Professional ratings
Review scores
| Source | Rating |
| AllMusic | Star Half star |
| Alternative Press | Star |
| Angry Metal Guy | 1.5/5 |
| BBC Music | (favourable) |
| Exclaim! | (mediocre) |
| Rock Sound | 8/10 |

===Retrospect===
After the release of the record, the band aimed to distance themselves from its release. Promotion for the record was relatively short, as the band became unimpressed and bored by the music. After doing one phone interview for the press of The Here and Now, Tom Searle asked his manager to not be involved in any interviews or journalist during The Here and Now promotion. The band also regretfully disliked the direction for some of the music videos for the record, particularly "Heartburn", which they begrudgingly said made them look like Westlife. The band didn't enjoy the live performances of the record as they felt the more ballad-like songs lacked the same aggressive power they wanted from their live shows. With their future release Daybreaker the band felt they had a "point to prove". In a 2013 interview Carter commented that they believed their sixth record, Lost Forever // Lost Together was distancing themselves "once and for all" from the "car crash" that was The Here and Now.

==Commercial performance==
Upon its release, the album debuted at number 57 on the UK Album Charts and number 1 on the UK Rock Chart. The singles from the album received rotation on the BBC Radio 1 daytime playlist. Internationally, the record appeared at number 47 on the United States Top Heatseekers chart after selling 900 copies.

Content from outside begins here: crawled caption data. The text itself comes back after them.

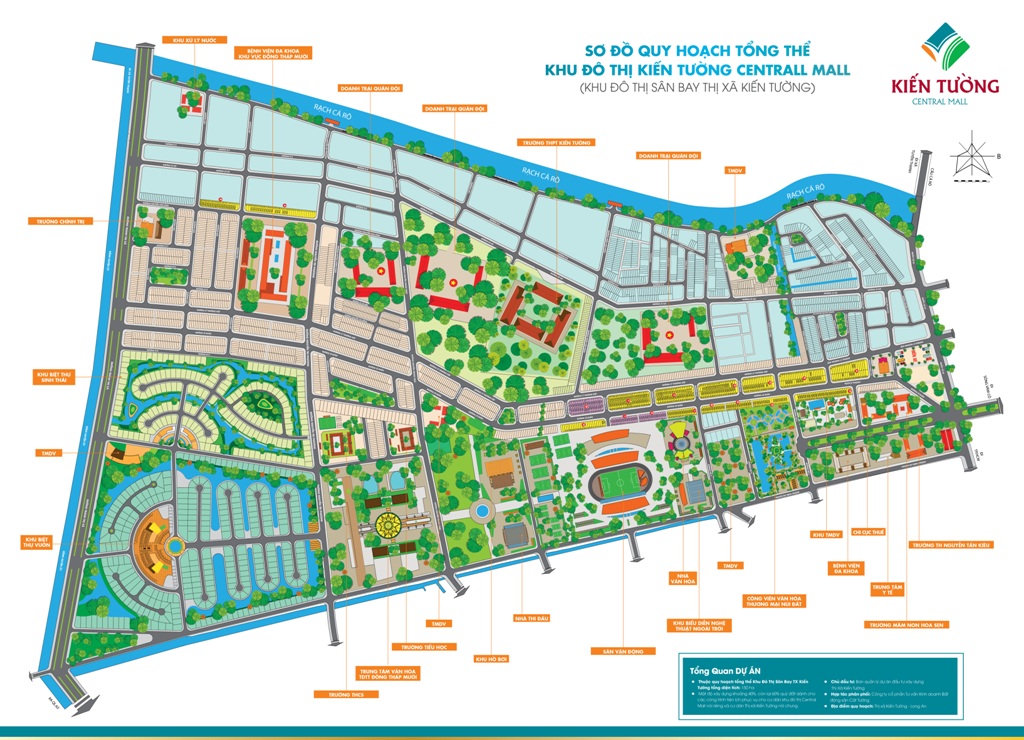 mặt bằng dự án kiến tường central mall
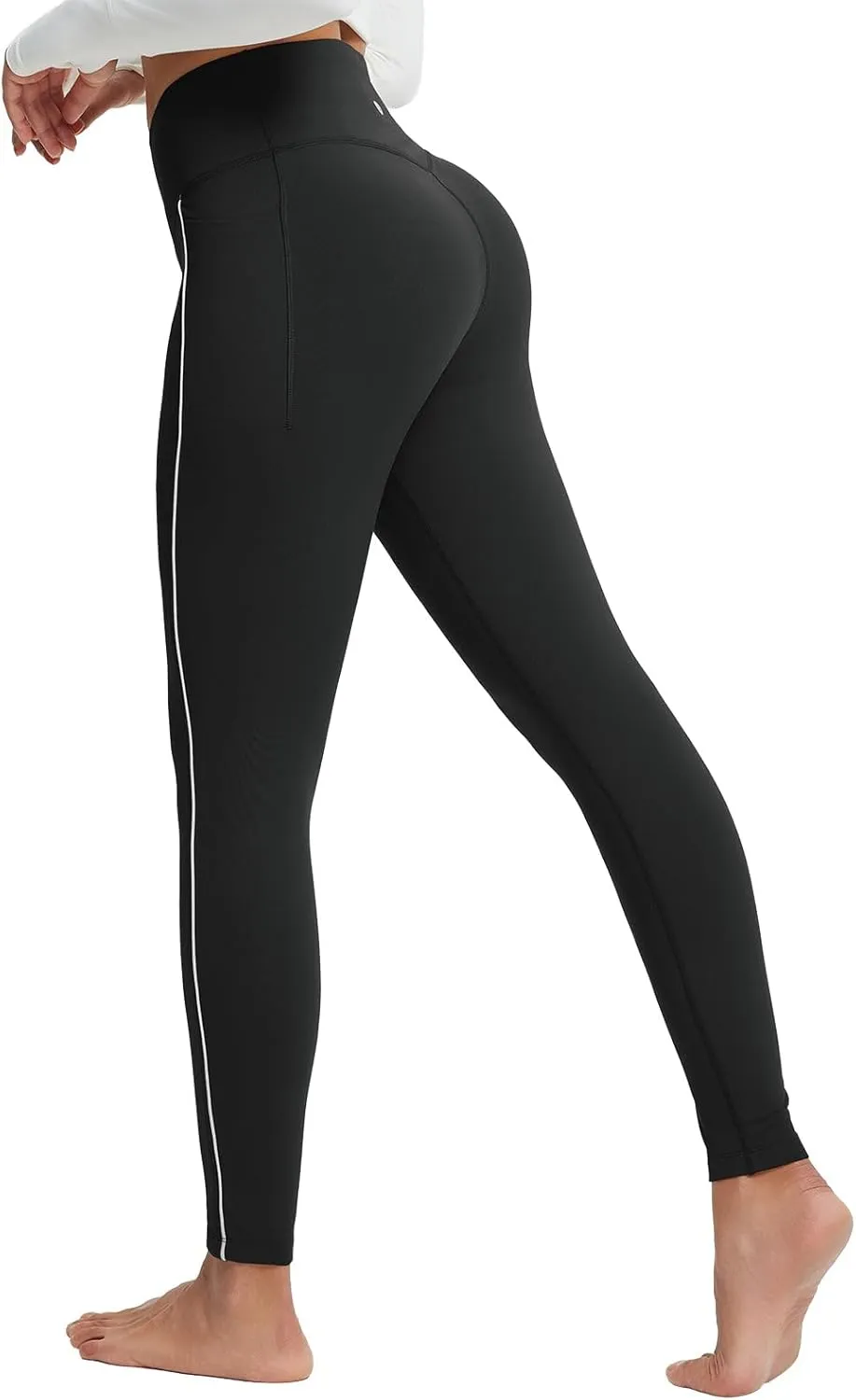 baleaf Women's Fleece Lined Leggings Thermal Warm Winter Tights with Pockets High Waisted Yoga Pants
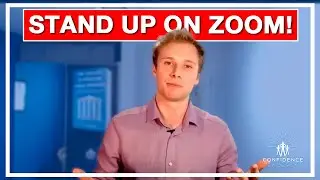 Why You Should Stand Up When Presenting on Zoom | Public Speaking tips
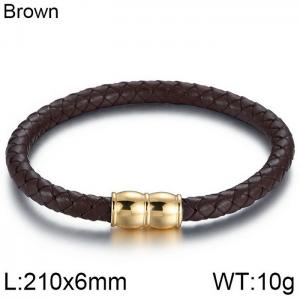 Leather Bracelet - KB115238-KFC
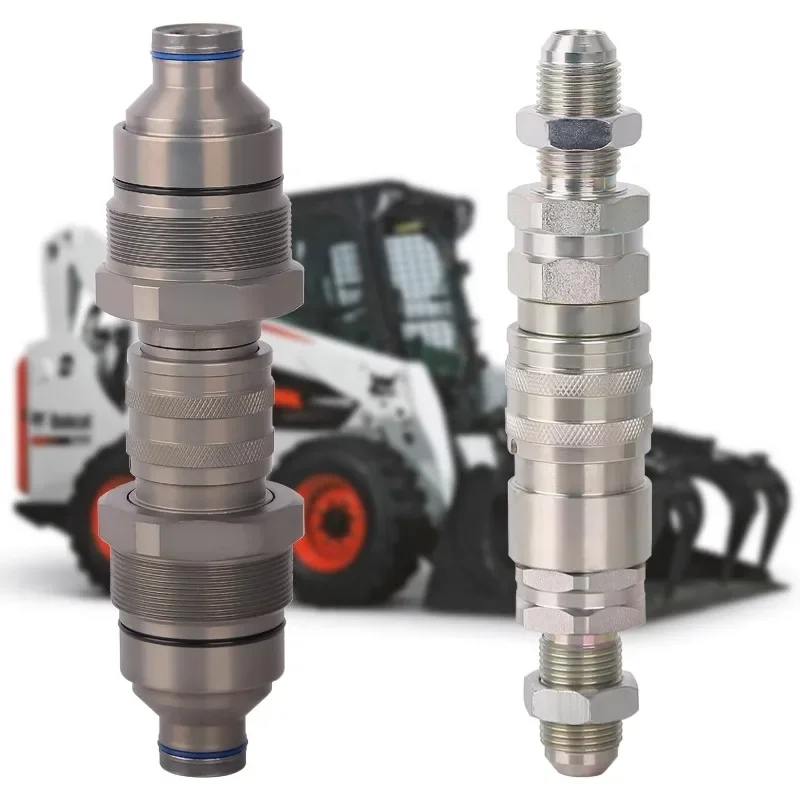 

New Ultra-high Pressure Flat Hydraulic Quick Joint With Internal Thread Carbon Steel High Pressure Excavator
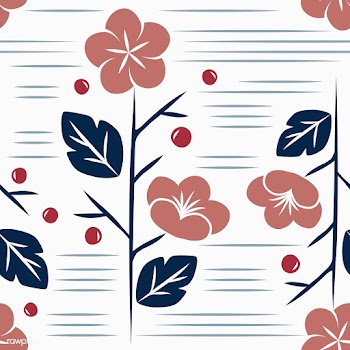 Vector of seamless Japanese style floral patt.. | Free stock vector - 42992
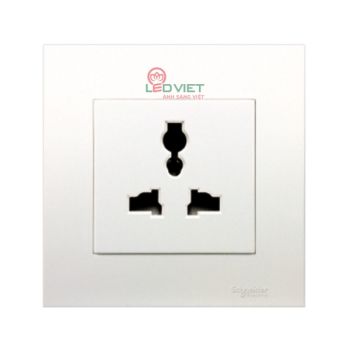 Bộ ổ cắm đơn đa năng 13A Schneider Vivace KB413S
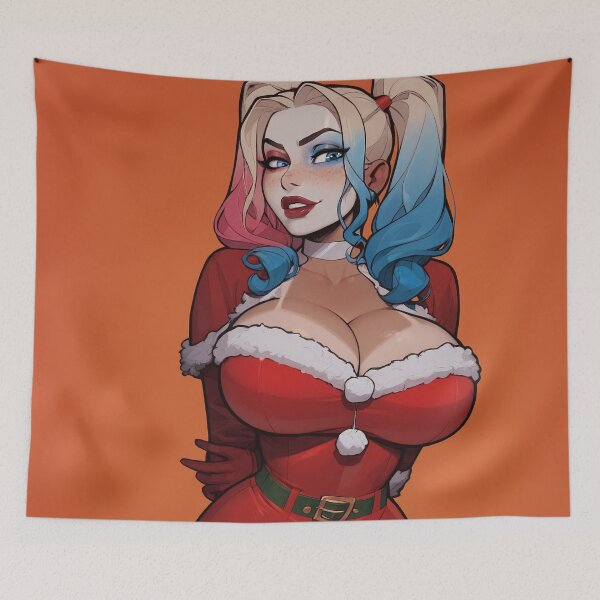 Item preview, Anime Gamer Girl in Christmas Santa Outfit designed and sold by WaifuBrowser.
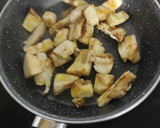 Foto del paso 2 de la receta: Berenjena al horno con jamón dulce y quesito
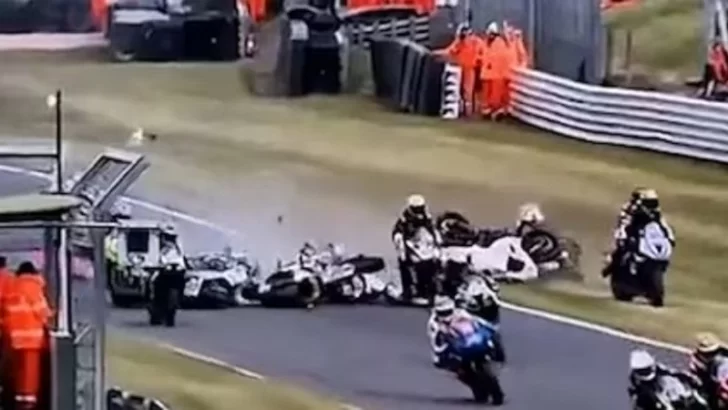 Tragedia en el motociclismo: dos pilotos murieron tras un accidente múltiple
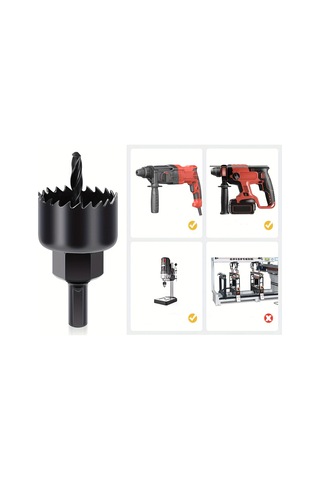 1in1 Buat Açma Panç Seti Metal - Ahşap - Pvc - Alçıpan - Pls. 19-22-29-32-38-44-51-64mm Bx40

The album received a negative response from their fanbase upon its release.

==Track listing==

Notes
- The song "Year In Year Out" ends at minute 5:00. After 30 seconds of silence (5:00 - 5:30), begins the hidden song "Up and Away".

| No. | Title | Length |
|---|---|---|
| 1. | "Day In Day Out" | 3:10 |
| 2. | "Learn to Live" | 4:01 |
| 3. | "Delete, Rewind" | 3:08 |
| 4. | "BTN" | 3:57 |
| 5. | "An Open Letter to Myself" | 3:16 |
| 6. | "The Blues" | 3:16 |
| 7. | "Red Eyes" | 4:17 |
| 8. | "Stay Young Forever" (featuring Andrew Neufeld of Comeback Kid) | 3:02 |
| 9. | "Heartburn" | 3:37 |
| 10. | "Year In Year Out / Up and Away" (featuring Greg Puciato of The Dillinger Escape Plan) | 7:27 |
| Total length: |  | 39:15 |

Century Media special edition digipak
| No. | Title | Length |
|---|---|---|
| 11. | "Day in Day Out" (Big Chocolate remix) | 4:47 |
| Total length: |  | 44:02 |

Japanese bonus track (includes special edition digipak bonus track)
| No. | Title | Length |
|---|---|---|
| 12. | "Learn to Live" (Big Chocolate remix) | 4:30 |
| Total length: |  | 48:32 |

2012 special edition
| No. | Title | Length |
|---|---|---|
| 11. | "Devil's Island" | 4:07 |
| 12. | "Untitled" | 3:29 |
| 13. | "Day in Day Out" (Big Chocolate remix) | 4:47 |
| Total length: |  | 51:38 |

==Personnel==

Architects
- Sam Carter – vocals
- Tom Searle – lead guitar, keyboards, programming
- Tim Hillier-Brook – rhythm guitar
- Alex "Ali" Dean – bass
- Dan Searle – drums, percussion, programming

Additional musicians
- Andrew Neufeld of Comeback Kid – additional guest vocals on track 8
- Greg Puciato of The Dillinger Escape Plan – additional guest vocals on track 10

Studio personnel at Omen Room Studio
- Steve Evetts – production, mixing, engineering
- Allan Hessler – engineering

Studio personnel at West West Side Music
- Alan Douches – mastering

Additional personnel
- Jon Barmby – artwork, design, layout

==Charts==

| Chart (2011) | Peak position |
|---|---|
| Scottish Albums (Official Charts) | 63 |
| UK Albums (OCC) | 57 |
| UK Rock & Metal Albums (Official Charts) | 1 |
| US Heatseekers Albums (Billboard) | 47 |

==Release history==

Country: Date; Label; Format; Catalog number; Source
Japan: 19 January 2011; Doom Patrol^{1}; CD; DOOM-0033
Austria: 21 January 2011; Century Media; CD Digipak; 9980312 9980318
Germany
Switzerland
Europe (excl. Austria, Germany and Switzerland): 24 January 2011
Canada: Distort; CD; DE29
Australia: 28 January 2011; Century Media; CD Digipak; — —
New Zealand
^{1} Denotes licensing deal: released under the authority of Century Media. — Denotes unknown or non-existent information.